Un nouvel album de Pavement, ça s’attend avec autant d’impatience que de crainte -ça tombe bien, celui-ci s’intitule Terror twilight. Car si on sait que le groupe creuse depuis quelques années déjà un seul et même sillon, bien cohérent, les micro-écarts de trajectoire dont Pavement s’est fait une spécialité sont comme des failles sismiques. On a beau s’y attendre -s’y faire dans le pire des cas-, le sol finit toujours par se dérober, mais lorsque l’on se croit en territoire conquis. Le problème, c’est que leurs nombreux détracteurs -il y a des modes pour ce genre d’attitude- ne s’en sont pas encore aperçu…

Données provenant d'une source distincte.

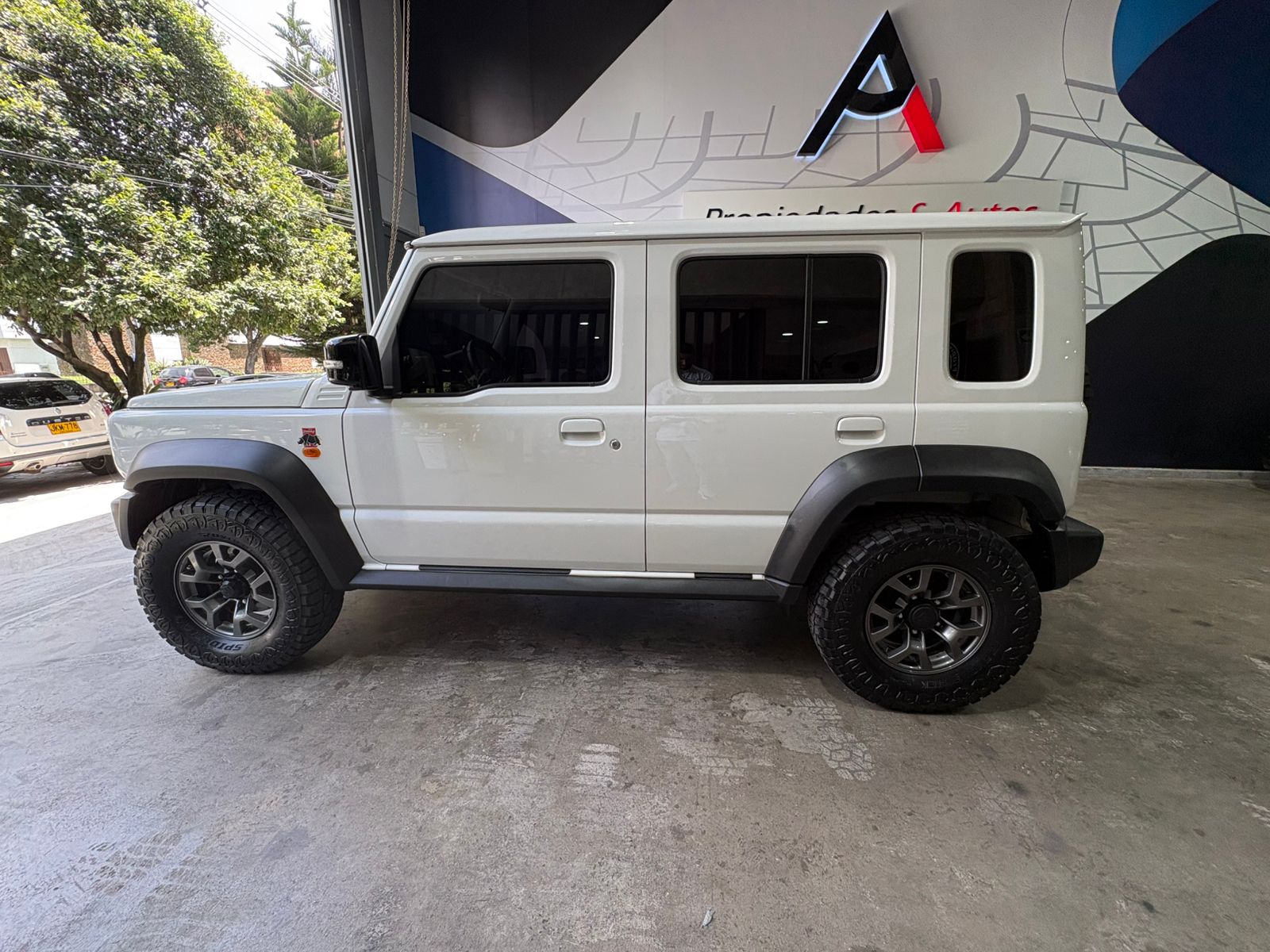 SUZUKI JIMNY ALL GRIP 2026 - Imagen 8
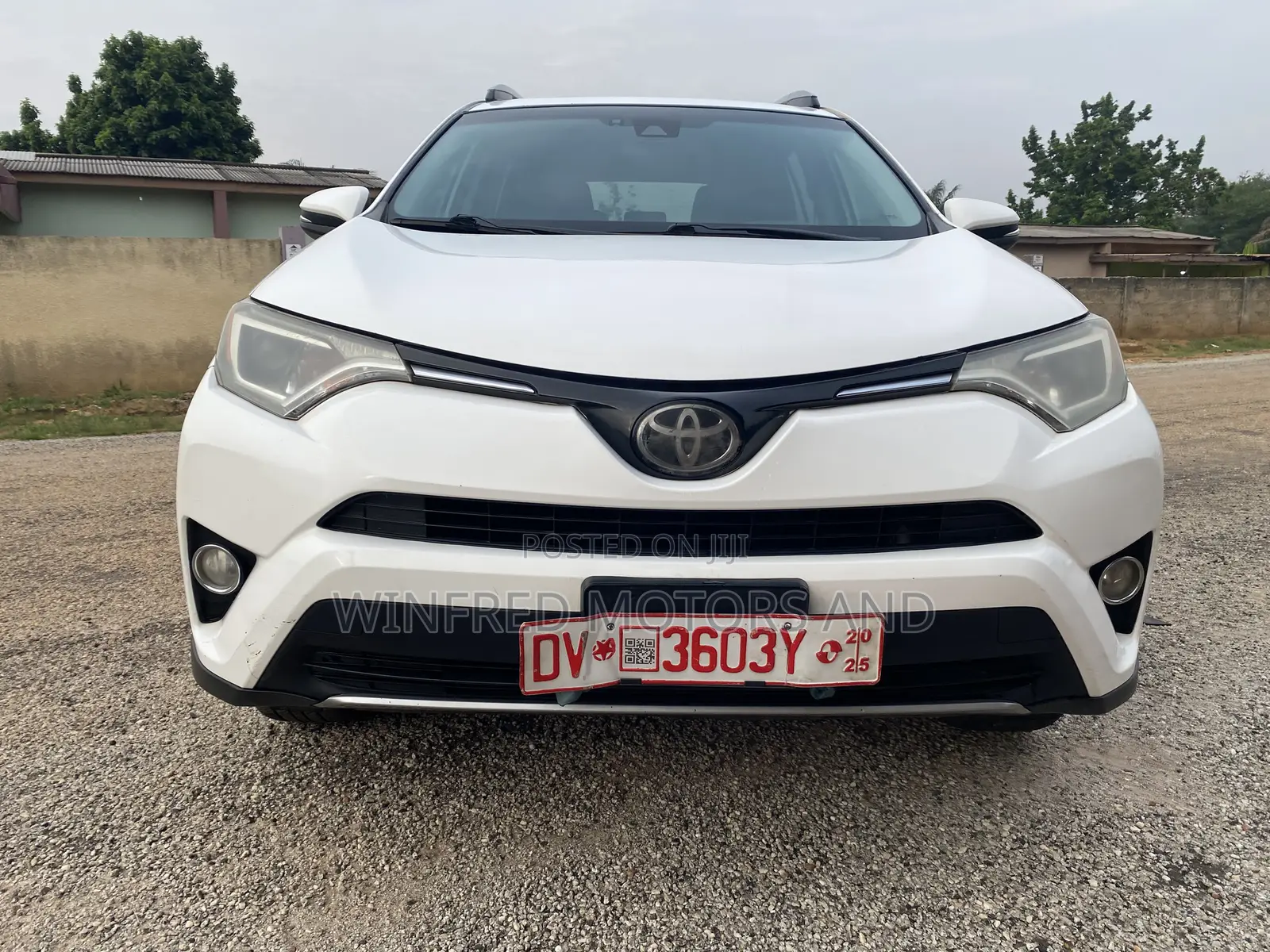 Toyota RAV4 XLE FWD (2.5L 4cyl 6A) 2017 White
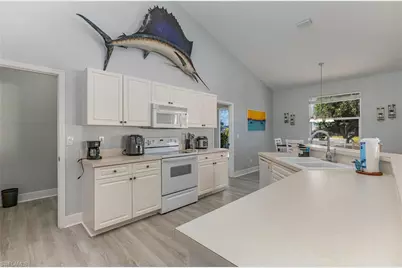 532 W Archer Pkwy, Cape Coral, FL 33904 - Photo 8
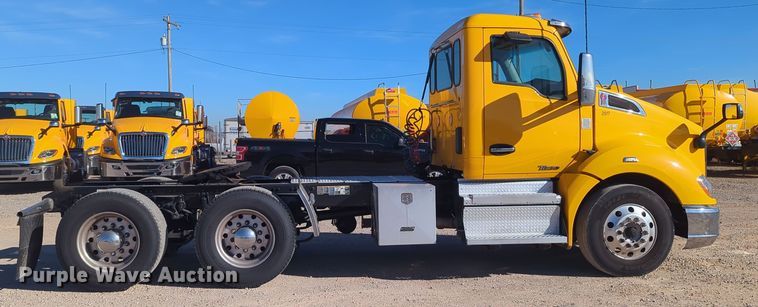 image for item OD9117 2019 Kenworth T680 semi truck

Un album de Pavement, ce n’est pas quelque chose qui s’apprivoise si aisément. Comparez ça à une bonne siesta dans un hamac rempli de cactus. Forcément, on reste partagé, au début, entre plaisir attendu et sentiment de douleur et de répulsion. Heureusement, Pavement possède la pommade miracle avec des titres immédiatement assimilables et hautement jouissifs. Sur Terror twilight, il y a pour ça Spit on a stranger, Ann don’t cry ou …And carrot rope.

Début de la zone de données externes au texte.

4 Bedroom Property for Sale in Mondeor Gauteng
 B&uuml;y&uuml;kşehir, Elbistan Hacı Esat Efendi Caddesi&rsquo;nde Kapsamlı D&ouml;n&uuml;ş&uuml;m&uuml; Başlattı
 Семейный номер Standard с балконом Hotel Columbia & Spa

Et d’une, Spit on a stranger : une comptine carrément craquante pour commencer, une mélodie à se foutre direct par terre, et Malkmus qui miaule comme il sait si bien le faire -ça ne laisse pas les filles indifférentes-, minaude en poussant tranquillement vers les aigus -Whatever you feel / Whatever it takes / Whenever it’s real, whatever awaits me / Whatever you need… I see the sunshine in your eyes / I’ll try the things you’ll never try / I’ll be the one who leaves you high high-, le tout avec une goujaterie impressionnante. Et de deux, le slow Pavement, Ann don’t cry : éteignez la lumière, le morceau fait le reste, avec un aspect posé qui est presque une nouveauté pour Pavement -sans doute est-ce du à la maniaquerie de Nigel Godrich, producteur, vous le savez déjà, de Radiohead, et qui a su apprivoiser « Pavement the rock band » pour nous le restituer avec toutes ses aspérités, et une touche de classe. Et de trois, …And carrot rope, le single chez nous -aux States, c’est Spit on a stranger, mais rassurez-vous, les b-sides sont identiques-, un morceau pourtant atypique dans la « songology » de Pavement, mais que l’on adopte tout de suite. Un vrai morceau gag, mais fait avec tout le sérieux du monde, et c’est pour ça qu’il passe si bien. Quand d’autres groupes se contentent de rire de leur bonne blague, Pavement s’arrange pour en faire un hit imparable. Petite ligne de clavier toy, voix qui se répondent, guitares light et wah wah, une vraie petite histoire à siffloter sur le chemin de la plage, sauf qu’on n’aura jamais été aussi fier de siffloter.

Le reste ? Quels restes ! Un vrai festin de roi, fait de cerises sur le gâteau -attention aux noyaux tout de même-, pour un album qui ne souffre d’aucun creux ou baisses de régime, et qui surfe à l’aise sur le dos de la production pop actuelle : You’re a light -encore une mélodie à l’altitude Everest-, Major leagues -un classique de chez classique pour le groupe, mais ça fait tellement de bien, Speak, see, remember aux réminiscences jazz -harmonies/disharmonies-, Cream of gold qui sort l’artillerie avec une élégance rare. Avec Pavement, on n’a qu’une seule envie, c’est de s’installer confortablement dans la peur, de prendre des cactus à pleines mains en rigolant et de plonger dans les failles d’un groupe chiennement attachant, aux contradictions à ciel ouvert : You’re a nice guy and I hate you for that (Platform blues).